Sanctions for civil contempt are imposed to coerce compliance with a court order, to compensate the party pursuing contempt for injuries resulting from the contemptuous behavior, or both. United States v. United Mine Workers of America, 330 U.S. 258, 303-04 (1947). "Generally, the minimum sanction necessary to obtain compliance is to be imposed." Whittaker Corp. v. Execuair Corp., 953 F.2d 510, 517 (9th Cir. 1992), citing Spallone, 493 U.S. at 280. Where the purpose of the contempt order is to ensure a party's compliance, the court must "consider the character and magnitude of the harm threatened by continued contumacy, and the probable effectiveness of any suggested sanction in bringing about the result desired." Bademyan v. Receivable Management Services Corporation, 2009 WL 605789 (C.D. Cal. March 9, 2009), citing Whittaker Corp., 953 F.2d at 516.

In the CDCR's response, counsel sets forth the efforts of several individuals, including counsel, to search for and produce documents responsive to the subpoena prior to the filing of the instant motion. The CDCR contends that despite the mistakes that were made, none of the actions by CDCR employees or their counsel were made in bad faith. The CDCR argues that all of the individuals involved in responding to the subpoena acted reasonably and in good faith. After the hearing on the instant motion, and during the subsequent search for documents, additional discovery was located and produced. Counsel for the CDCR declares under penalty of perjury that a

thorough and diligent search has been made for all confidential and non-confidential documents requested pursuant to the . . . subpoena . . .[and] all confidential and non-confidential documents, still in existence, . . . have now been produced to plaintiff's counsel. This includes any and all physical and electronic documentation in its possession, custody, or control.
(Dkt. No. 157-1 at 2.) Counsel also declares that they "have taken a broadened view of the scope of [the] subpoena," to review other documents which, even though not requested in the subpoena at issue, "might provide potentially relevant information." (Id. at 4.) These documents include "mental health information, some of which was provided with the production of the additional "EOP" documents and which may be provided based upon a review of the mental health records of each inmate currently being undertaken." (Id.) Counsel states he may seek the Court's direction regarding disclosure because "these records are specifically protected from production pursuant to the Federal HIPAA and state CMIA regulations." (Id.)

CDCR senior staff counsel Jason Hurtado provides a declaration explaining the initial delays, and his efforts to comply with the subpoena. (Dkt. No. 157-5 at 1-2.) Hurtado was informed that responsive documents were produced, and stated that if he had "been aware of the existence of potentially responsive confidential information at that time, [he] would have retained [private counsel] for this purpose much sooner." (Id. at 3.)

As set forth in the December 19, 2011 order, this court is very troubled by the delays, as well as the piecemeal production and searches for documents responsive to the subpoena, as well as "inadvertent," erroneous responses.
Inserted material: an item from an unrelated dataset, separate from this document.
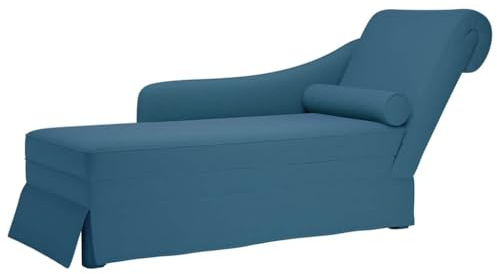 Frdhee Loungesessel Wohnzimmer Schlafsofa,Chaiselongue mit Nackenrolle und Rechter Armlehne Blau Samt,Relaxsessel für Wohnzimmer,Büro,Wohnung Einfache Montage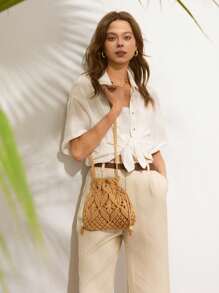 女士编织小手提包，新款时尚柳条斜挎包，小众小众沙滩单肩包，百搭方形信封式别致斜挎包，沙滩度假包，沙滩钱包，夏季、度假和日常使用的完美之选 - 卡其色 - 查看 5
However, there is no evidence that the CDCR, a nonparty, willfully disobeyed the subpoena, or that the individuals involved acted, or failed to act, in bad faith, or colluded with defendants' counsel to withhold discovery. Thus, the court declines to find nonparty CDCR in contempt, or to order contempt sanctions. While the CDCR did intentionally withhold documents the CDCR deemed to be confidential, without seeking court intervention, the court previously ordered those documents produced without redaction or in camera review, and no sanctions as to these documents will be imposed. However, in the future, the CDCR would be wise to move to quash or protect its documents, particularly where its own employee delayed compliance with a subpoena.

For example, one CDCR employee provided a declaration stating she misread the start date for the production of documents pertinent to inmate Robinson, and supplemented her production on December 22, 2011. (Dkt. No. 154-6 at 2-3.) Another CDCR employee had to amend her declaration stating certain documents were not retained when, in fact, they had not been destroyed and were then produced in December of 2011. (Dkt. No. 154-3 at 3-4.)

Accordingly, the order to show cause is discharged, and plaintiff's motion is denied without prejudice. However, in connection with the mental health records for petitioner and inmate Robinson that CDCR counsel is presently reviewing, to the extent that these mental health records show a propensity for violence, they are potentially relevant to plaintiff's claims herein, and CDCR counsel shall produce those records subject to a stipulated protective order and, if no such order can be agreed upon, CDCR shall seek court intervention.

This case has sustained very troubling delays based on the actions and inactions of various CDCR employees and its lawyers. It is inadequate for the CDCR to respond that certain documents were destroyed based on a CDCR records retention policy without investigating or searching to see whether the documents still exist. Plaintiff should not be required to seek a court order requiring the CDCR to determine whether certain documents exist; rather, the CDCR should be investigating and searching for documents responsive to discovery requests. Moreover, while the court appreciates that the nonparty CDCR is currently looking at documents that were "not directly requested" by the subpoena, under Rule 26(e), defendants are under an obligation to timely supplement discovery responses. Id.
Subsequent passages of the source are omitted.